§ **TASK DATA**
****************

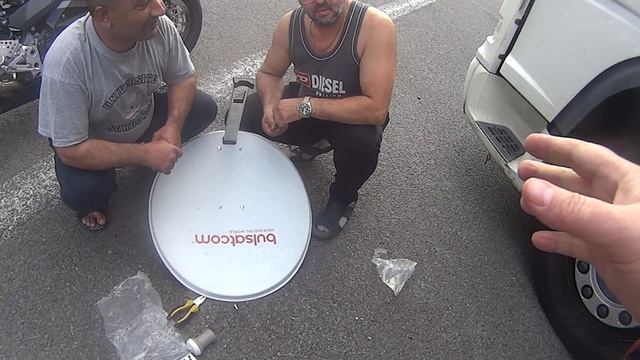 instaleren van een satellietschotel op een truck. смотреть онлайн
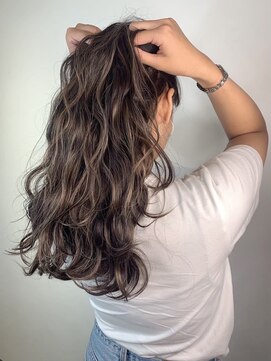 アンダーバーホワイト 京橋店(_WHITE) ハイライトスタイル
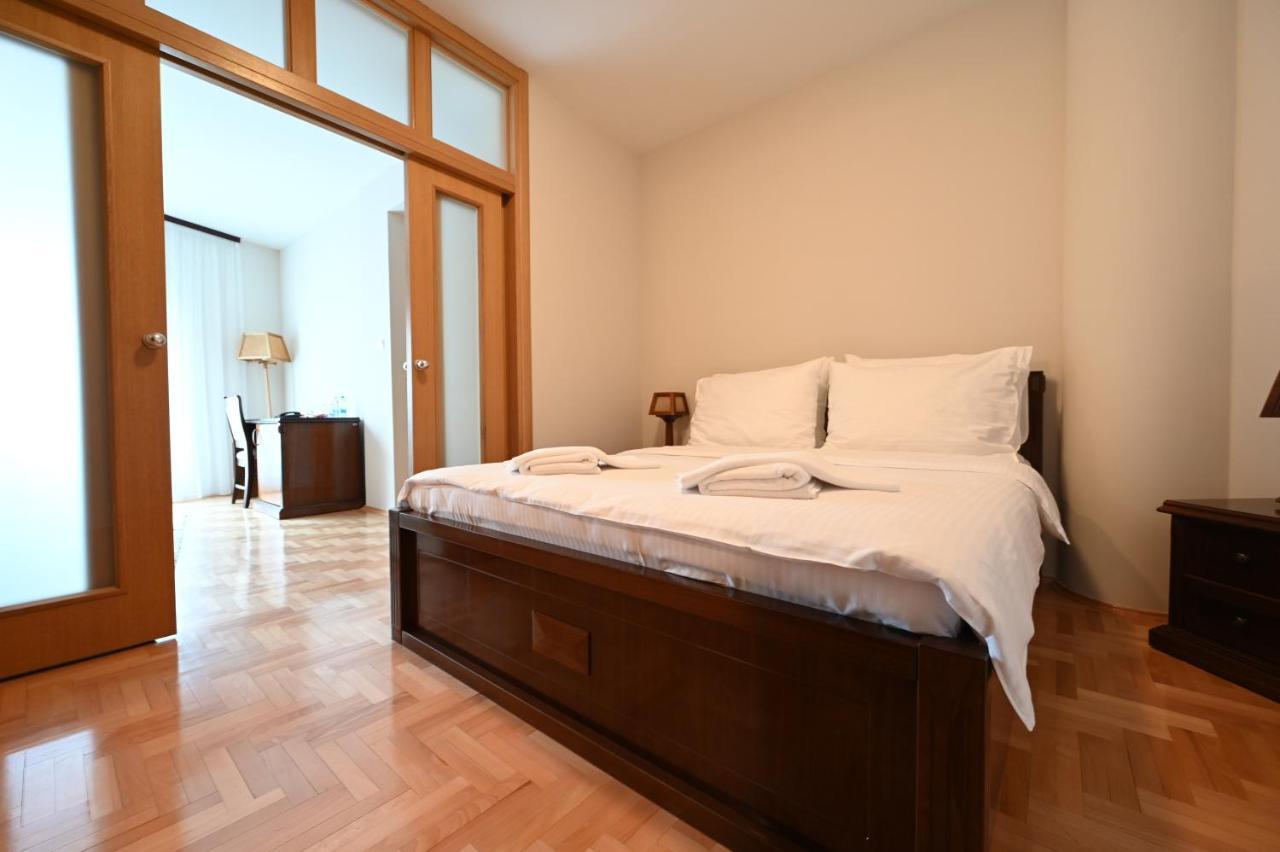 Hotel "Jkc Banja Luka" Экстерьер фото
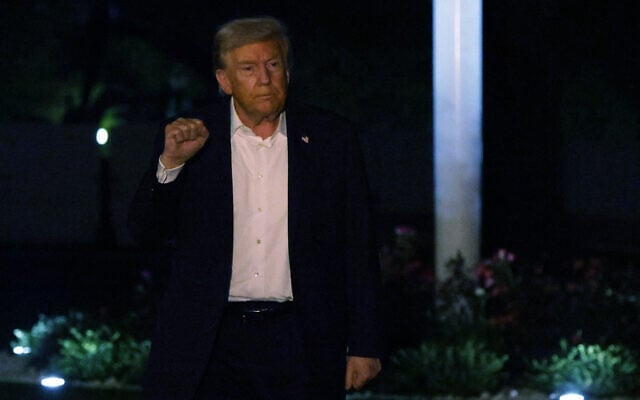 Le président américain Donald Trump lève le poing alors qu'il marche sur la pelouse sud après son atterrissage à la Maison Blanche, le 14 octobre 2025 à Washington, DC. (Crédit : Alex Wong/Getty Images/AFP)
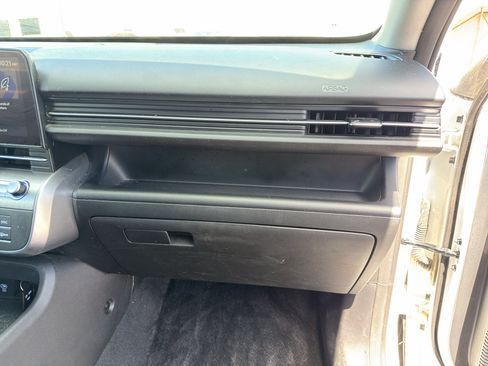 Used 2025 Hyundai Kona SEL FWD image 18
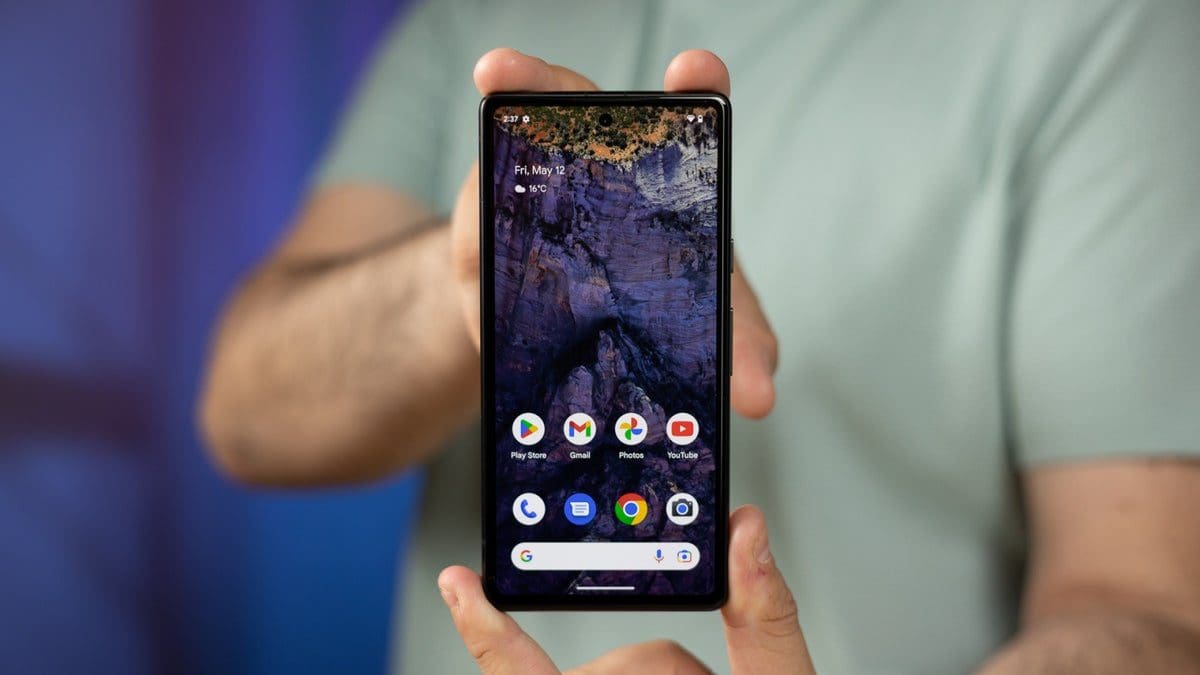 Featured image for First-ever Post-Black Friday Discount for Google’s Pixel 7a Mid-Range Smartphone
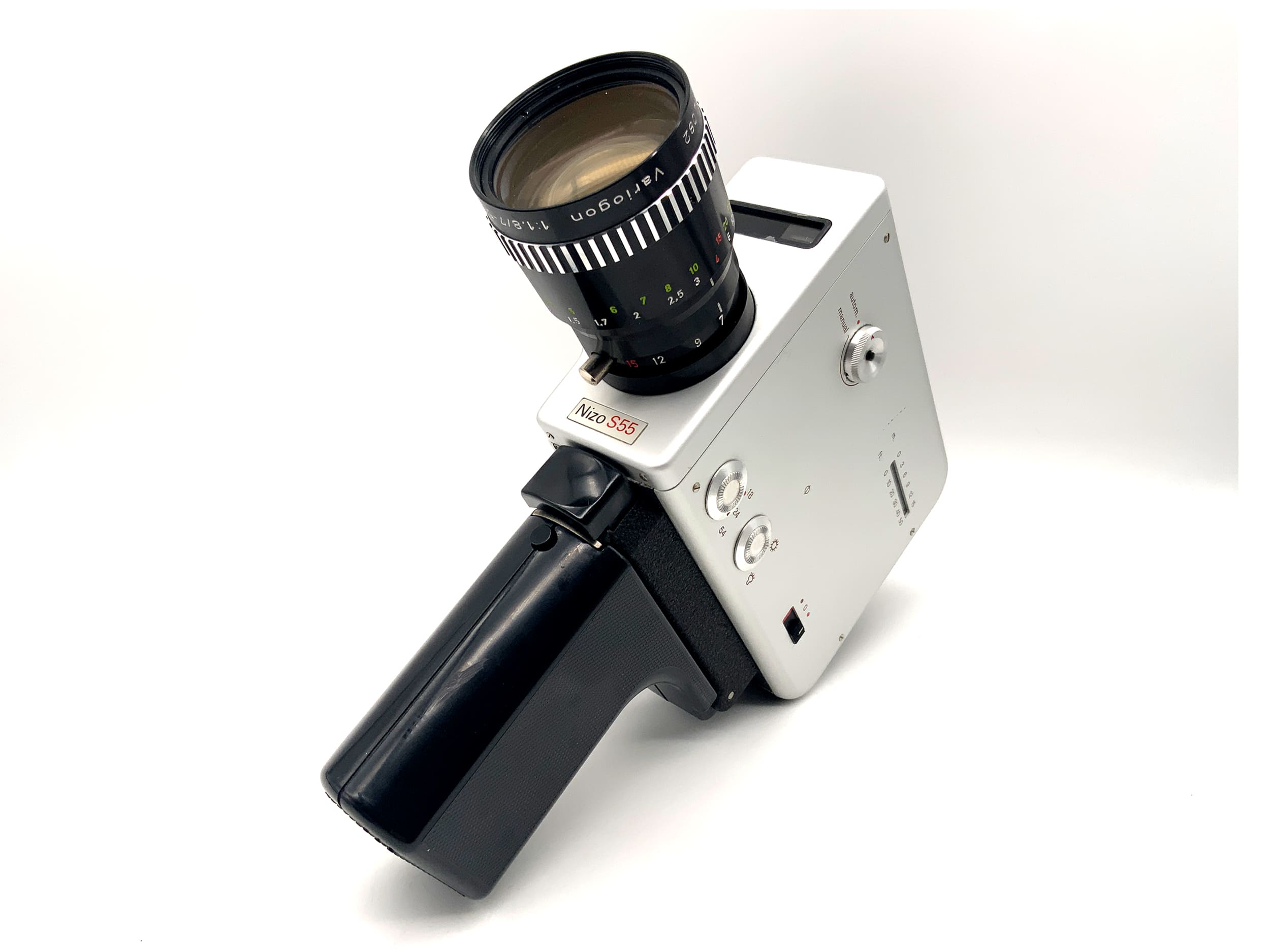Caméra argentique Braun Nizo S55 avec objectif Variogon 1:1.8/7-56mm Super 8.
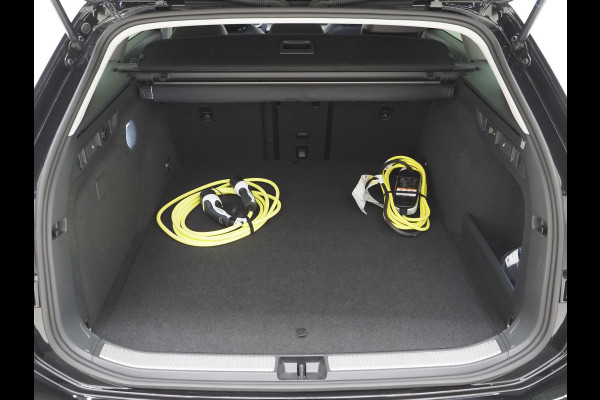 Volkswagen Passat Variant 1.5 eHybrid 204PK | Leder/Alcantara | Massage | Trekhaak | HUD | Camera | Adaptive Cruise | Sfeerlicht | Carplay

****************

§ **TASK INSTRUCTIONS**
If an entry holds an image, omit that image and print the remainder exactly as it stands.

§ **SOLUTION FOR THIS PROBLEM**
 instaleren van een satellietschotel op een truck. смотреть онлайн
 アンダーバーホワイト 京橋店(_WHITE) ハイライトスタイル
 Hotel "Jkc Banja Luka" Экстерьер фото
 Le président américain Donald Trump lève le poing alors qu'il marche sur la pelouse sud après son atterrissage à la Maison Blanche, le 14 octobre 2025 à Washington, DC. (Crédit : Alex Wong/Getty Images/AFP)
 Used 2025 Hyundai Kona SEL FWD image 18
 Featured image for First-ever Post-Black Friday Discount for Google’s Pixel 7a Mid-Range Smartphone
Caméra argentique Braun Nizo S55 avec objectif Variogon 1:1.8/7-56mm Super 8.
 Volkswagen Passat Variant 1.5 eHybrid 204PK | Leder/Alcantara | Massage | Trekhaak | HUD | Camera | Adaptive Cruise | Sfeerlicht | Carplay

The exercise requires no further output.